§ TASK PROMPT:
Look through the listing below for the line with "杭州高考补习集训学校培训机构" and the line with "MLK JR POOP". Copy both, along with every line between them, exactly and with no pictures.

*** Opening of AVAILABLE DATA ***

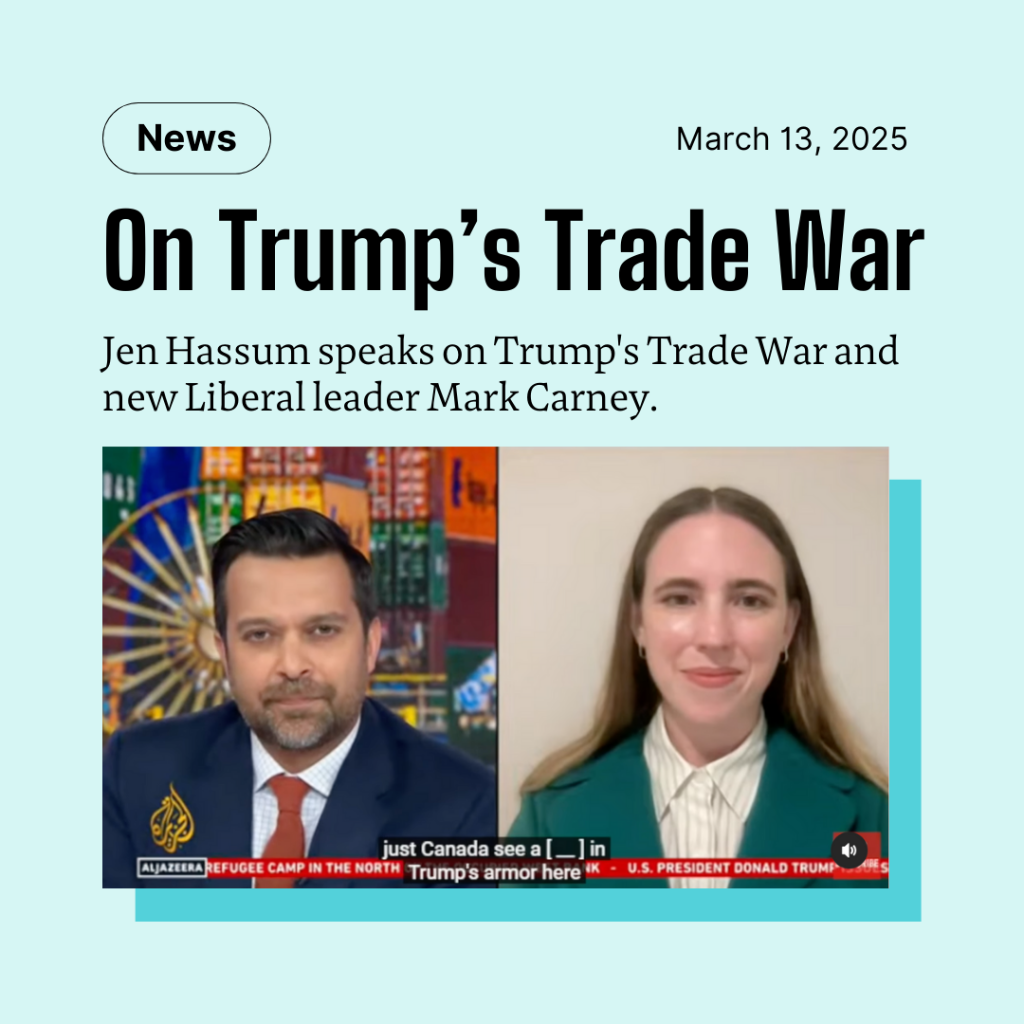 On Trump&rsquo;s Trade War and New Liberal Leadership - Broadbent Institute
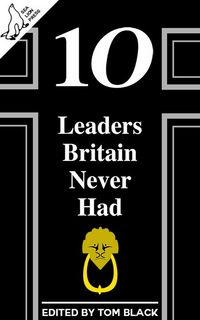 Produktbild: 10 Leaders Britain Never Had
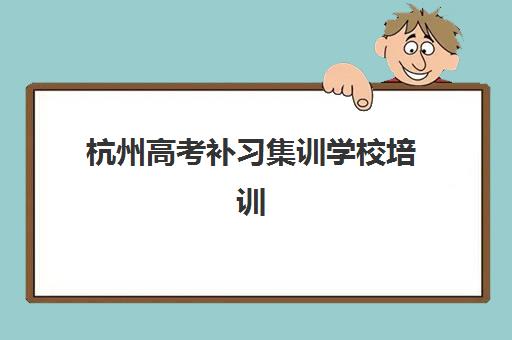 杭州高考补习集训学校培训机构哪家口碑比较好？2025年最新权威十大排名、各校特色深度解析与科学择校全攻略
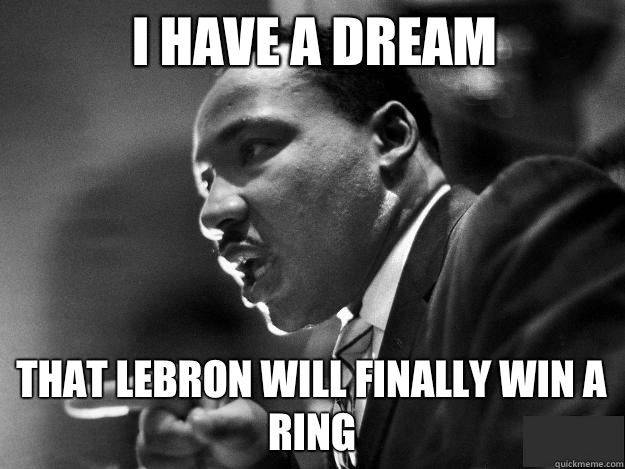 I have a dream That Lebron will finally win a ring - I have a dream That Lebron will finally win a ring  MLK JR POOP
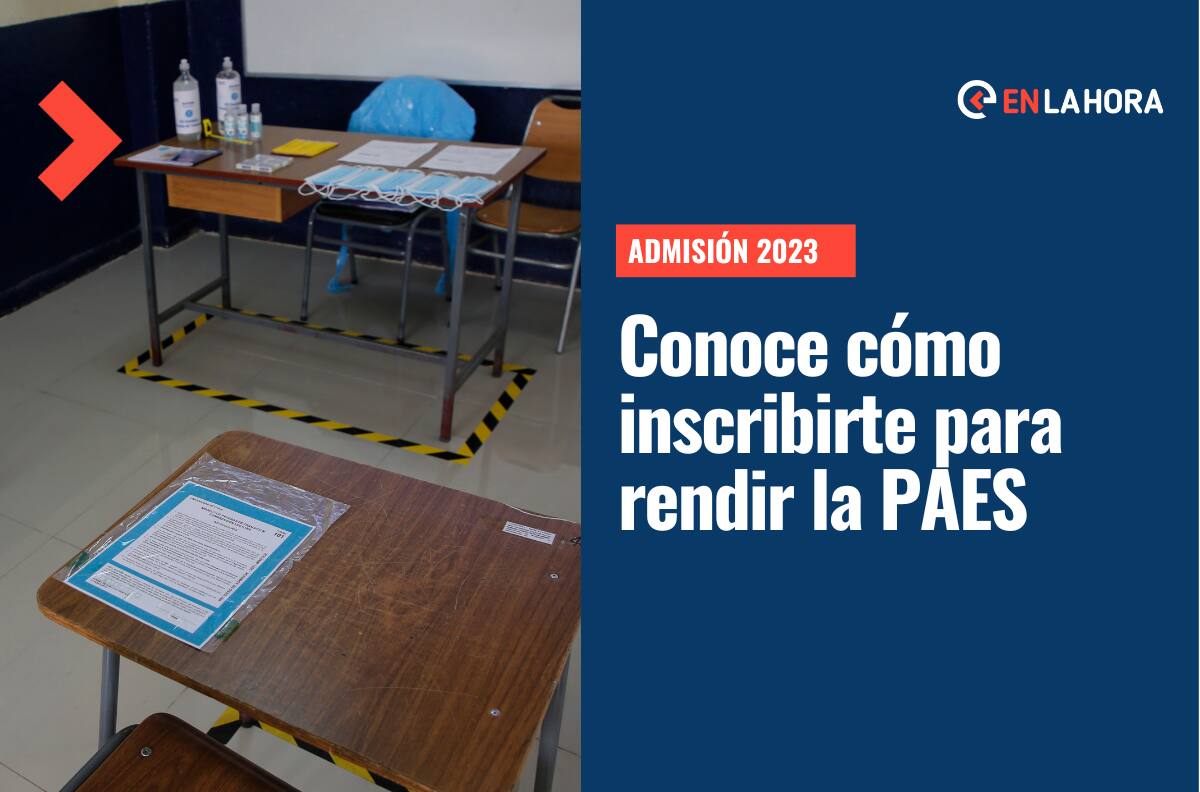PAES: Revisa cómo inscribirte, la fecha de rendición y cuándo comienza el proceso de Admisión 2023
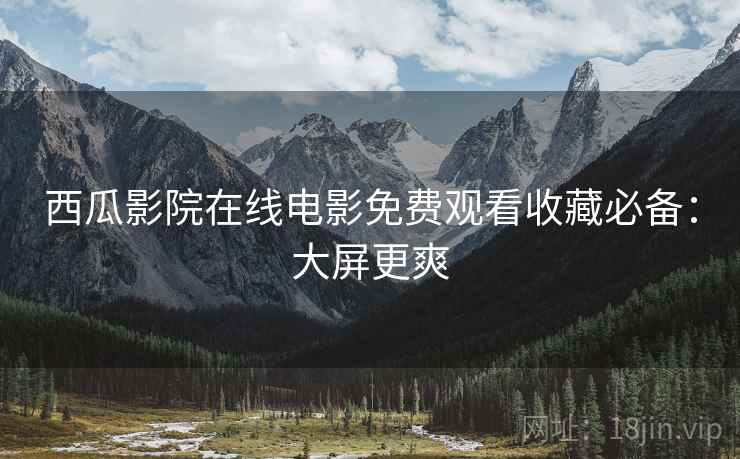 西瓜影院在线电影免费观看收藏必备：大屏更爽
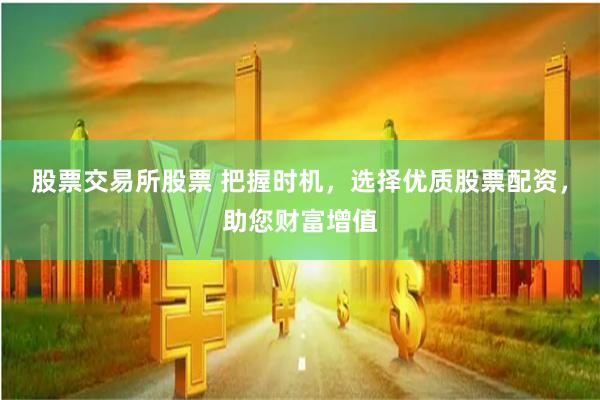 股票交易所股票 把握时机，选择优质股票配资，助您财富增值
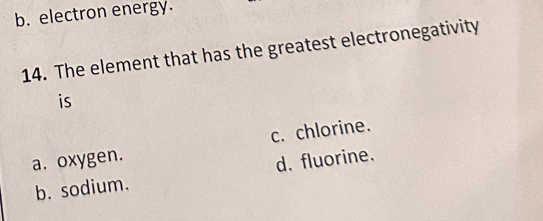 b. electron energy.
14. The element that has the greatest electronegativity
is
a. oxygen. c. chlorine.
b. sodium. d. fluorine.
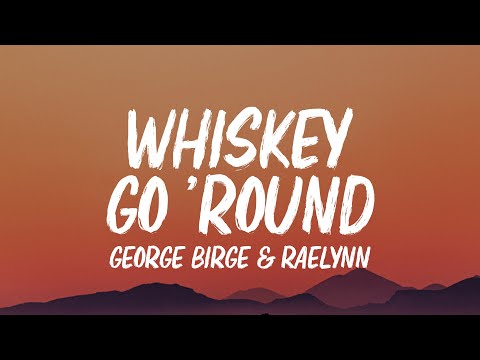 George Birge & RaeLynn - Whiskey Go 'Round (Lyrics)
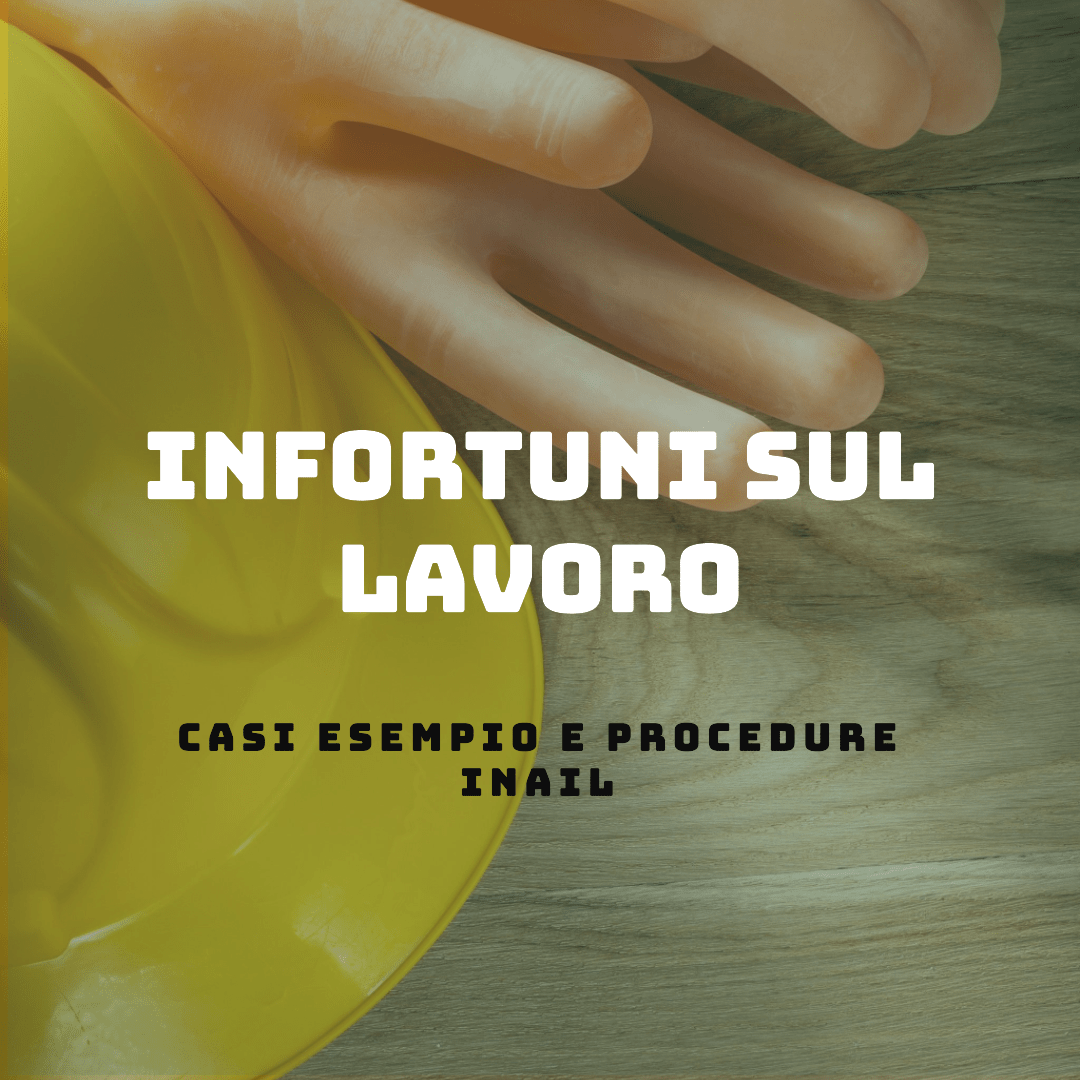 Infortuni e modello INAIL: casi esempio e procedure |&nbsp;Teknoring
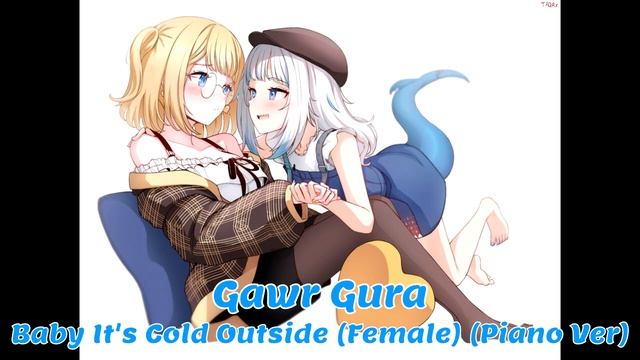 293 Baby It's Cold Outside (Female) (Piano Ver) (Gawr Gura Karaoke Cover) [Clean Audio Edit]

*** Close of AVAILABLE DATA ***

§ ANSWER TO THIS TASK:
 杭州高考补习集训学校培训机构哪家口碑比较好？2025年最新权威十大排名、各校特色深度解析与科学择校全攻略
 I have a dream That Lebron will finally win a ring - I have a dream That Lebron will finally win a ring  MLK JR POOP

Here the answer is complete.